HuBMAP will serve as a valuable reference for cancer atlas maps. Tumour formation, progression and treatment are influenced by the cellular environment49. 2D and 3D single-cell maps are being generated by the HTAN and others and rely on a normal-tissue reference for comparison. These maps are built on both tumour tissue and early-stage precancerous samples (for example, ductal carcinoma in situ and precancerous polyps). In addition to spatial relationships, such maps reveal early events involved in cancer formation or progression, such as the presence of stem cells or transcriptional regulatory events50.

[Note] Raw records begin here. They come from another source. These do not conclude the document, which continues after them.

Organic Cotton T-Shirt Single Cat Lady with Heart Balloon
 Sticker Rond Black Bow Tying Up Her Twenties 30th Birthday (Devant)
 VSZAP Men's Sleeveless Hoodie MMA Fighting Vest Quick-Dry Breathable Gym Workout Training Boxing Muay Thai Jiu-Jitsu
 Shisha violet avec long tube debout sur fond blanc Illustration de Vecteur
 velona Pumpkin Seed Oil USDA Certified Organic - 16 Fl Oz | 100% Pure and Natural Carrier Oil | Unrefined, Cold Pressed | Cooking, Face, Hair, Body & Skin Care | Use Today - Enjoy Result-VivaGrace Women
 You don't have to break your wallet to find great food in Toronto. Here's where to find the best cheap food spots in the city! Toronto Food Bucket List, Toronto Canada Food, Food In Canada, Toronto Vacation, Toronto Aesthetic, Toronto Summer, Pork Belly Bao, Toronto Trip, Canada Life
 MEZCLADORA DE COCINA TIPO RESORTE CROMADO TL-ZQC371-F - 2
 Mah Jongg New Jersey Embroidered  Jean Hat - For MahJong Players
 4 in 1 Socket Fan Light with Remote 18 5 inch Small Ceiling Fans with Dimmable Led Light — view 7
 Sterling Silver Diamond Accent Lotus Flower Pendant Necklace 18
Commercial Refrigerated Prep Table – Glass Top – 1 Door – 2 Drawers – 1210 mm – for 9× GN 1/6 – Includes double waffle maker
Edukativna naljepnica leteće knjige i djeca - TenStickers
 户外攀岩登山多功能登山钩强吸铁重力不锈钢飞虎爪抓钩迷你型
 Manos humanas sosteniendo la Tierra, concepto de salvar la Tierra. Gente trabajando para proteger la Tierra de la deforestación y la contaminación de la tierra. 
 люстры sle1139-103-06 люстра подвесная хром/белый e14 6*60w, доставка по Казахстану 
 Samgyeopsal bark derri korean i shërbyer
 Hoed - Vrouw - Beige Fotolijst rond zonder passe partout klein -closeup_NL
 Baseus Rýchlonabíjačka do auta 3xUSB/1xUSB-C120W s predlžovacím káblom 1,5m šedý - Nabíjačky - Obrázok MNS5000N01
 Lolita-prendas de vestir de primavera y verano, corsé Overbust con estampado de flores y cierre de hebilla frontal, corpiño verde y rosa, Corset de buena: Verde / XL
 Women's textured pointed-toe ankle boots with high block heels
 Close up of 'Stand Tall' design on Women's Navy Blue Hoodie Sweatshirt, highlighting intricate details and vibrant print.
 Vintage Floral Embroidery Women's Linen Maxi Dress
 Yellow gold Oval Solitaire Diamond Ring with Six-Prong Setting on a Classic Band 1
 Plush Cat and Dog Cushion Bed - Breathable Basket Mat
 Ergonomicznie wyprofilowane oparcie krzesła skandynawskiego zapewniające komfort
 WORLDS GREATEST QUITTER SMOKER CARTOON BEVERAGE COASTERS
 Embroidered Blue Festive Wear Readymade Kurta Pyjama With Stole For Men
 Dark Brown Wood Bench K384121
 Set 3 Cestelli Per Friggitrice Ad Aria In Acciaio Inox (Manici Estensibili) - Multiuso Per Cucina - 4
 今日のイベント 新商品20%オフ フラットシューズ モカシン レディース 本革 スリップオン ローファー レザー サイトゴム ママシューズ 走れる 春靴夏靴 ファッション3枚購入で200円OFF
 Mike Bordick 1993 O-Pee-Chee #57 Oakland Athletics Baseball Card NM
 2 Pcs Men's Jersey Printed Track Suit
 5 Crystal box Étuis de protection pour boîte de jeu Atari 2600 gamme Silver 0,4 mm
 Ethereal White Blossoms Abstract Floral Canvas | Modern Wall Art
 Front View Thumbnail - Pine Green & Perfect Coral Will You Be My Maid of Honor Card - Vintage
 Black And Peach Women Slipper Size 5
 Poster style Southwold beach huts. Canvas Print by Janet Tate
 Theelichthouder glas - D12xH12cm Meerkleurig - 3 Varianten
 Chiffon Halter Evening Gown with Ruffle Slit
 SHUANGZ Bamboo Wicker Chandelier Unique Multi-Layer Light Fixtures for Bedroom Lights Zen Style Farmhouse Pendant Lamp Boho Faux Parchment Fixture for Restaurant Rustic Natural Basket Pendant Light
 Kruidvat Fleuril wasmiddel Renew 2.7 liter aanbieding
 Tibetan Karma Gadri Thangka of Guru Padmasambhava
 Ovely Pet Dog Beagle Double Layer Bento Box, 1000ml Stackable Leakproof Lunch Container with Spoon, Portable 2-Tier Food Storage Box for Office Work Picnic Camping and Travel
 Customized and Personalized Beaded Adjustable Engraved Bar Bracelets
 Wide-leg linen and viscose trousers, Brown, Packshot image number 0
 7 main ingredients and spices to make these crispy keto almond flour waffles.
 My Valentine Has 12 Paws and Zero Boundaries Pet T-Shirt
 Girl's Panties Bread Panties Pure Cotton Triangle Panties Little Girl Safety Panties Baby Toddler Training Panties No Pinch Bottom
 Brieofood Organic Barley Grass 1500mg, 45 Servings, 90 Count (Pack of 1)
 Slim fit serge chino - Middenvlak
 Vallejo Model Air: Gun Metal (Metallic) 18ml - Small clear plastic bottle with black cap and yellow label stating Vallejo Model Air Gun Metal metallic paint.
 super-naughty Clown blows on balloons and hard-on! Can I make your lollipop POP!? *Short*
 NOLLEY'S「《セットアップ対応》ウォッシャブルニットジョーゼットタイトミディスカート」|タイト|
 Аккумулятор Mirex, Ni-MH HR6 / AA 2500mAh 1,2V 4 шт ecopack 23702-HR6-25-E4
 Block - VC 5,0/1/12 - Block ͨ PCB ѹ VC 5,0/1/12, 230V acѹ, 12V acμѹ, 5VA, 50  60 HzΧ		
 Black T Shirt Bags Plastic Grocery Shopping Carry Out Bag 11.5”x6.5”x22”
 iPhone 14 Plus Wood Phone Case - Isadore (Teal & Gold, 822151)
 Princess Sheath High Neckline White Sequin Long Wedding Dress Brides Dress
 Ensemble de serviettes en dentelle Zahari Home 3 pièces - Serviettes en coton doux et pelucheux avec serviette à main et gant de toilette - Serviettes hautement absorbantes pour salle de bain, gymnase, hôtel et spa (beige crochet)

Another area of opportunity is to expand beyond HuBMAP’s focus on adult tissues to include foetal and paediatric organs, which are at earlier stages of development with different physiology and biology than adult organs. Inclusion of comprehensive and longitudinal foetal and paediatric atlases of various organs will help in the understanding of physiological maturation, aging and progression of disease, thereby providing a holistic perspective of human biology across the entire lifespan.

Demonstration use cases

In the production phase, HuBMAP initiated demonstration projects highlighting the utility of HuBMAP data. These include (1) investigating mitochondrial DNA variant accumulation with aging, (2) building the human extracellular matrix atlas, (3) identifying organotypic and disease-specific vascular cell populations and (4) reverse engineering the extracellular neighbourhood to restore ovarian function. As an example, somatic mitochondrial DNA (mtDNA) mutations accumulate with age and contribute to aging-related diseases such as immune disorders, cardiovascular diseases and neurodegeneration51,52. Whether accumulation of specific mtDNA variants during aging occurs similarly across different cell types, organs, sexes and races is unclear. Demonstration project 1 aims to analyse mtDNA information in human single-cell genomics datasets to obtain insights into how cell or organ type, aging, sex, race and other factors impact mtDNA and how mtDNA variants affect nuclear gene expression and cell function.

Conclusions

In the next 3 years, HuBMAP will develop and validate analytical and visualization tools and apply emerging technologies, generating a wealth of molecular data spanning major aspects of the central dogma (DNA, RNA, protein) and defining cellular phenotypes and FTU neighbourhoods that will serve as benchmarks to understand homeostasis, aging and disease. This granular characterization of cells, including their chromatin, transcriptomic, proteomic and metabolomic states, and spatially resolved molecular maps of FTU microenvironments, will define the biologically relevant cellular and extracellular communities for each tissue and organ, providing opportunities to explore interrelatedness across organ systems. Such knowledge will be critical in understanding disease or syndromes that affect multiple organs and help design better informed and more precise drug targets (Fig. 4). The molecular landscape of human tissues in biologically diverse populations across the lifespan created in HuBMAP will provide instrumental insights for tissue engineering and regenerative medicine. The atlas of each organ will provide an important healthy reference to identify molecules associated with altered cell states that are linked to disease or repair defects. Scientists can use the HuBMAP data to develop experimental models to further understand the underlying biology and mechanisms. HuBMAP data and resources will also enable the discovery of relevant autocrine and short- and long-range paracrine effects that regulate organ crosstalk necessary for homeostasis and potentially impact clinical practice in predicting disease outcomes. To fully realize the potential of these datasets, we must continue to improve access to data and resources with minimum restrictions and to develop methods that use minimal amounts of tissue for interrogation by multiple single-cell and spatial technologies and application to clinical specimens.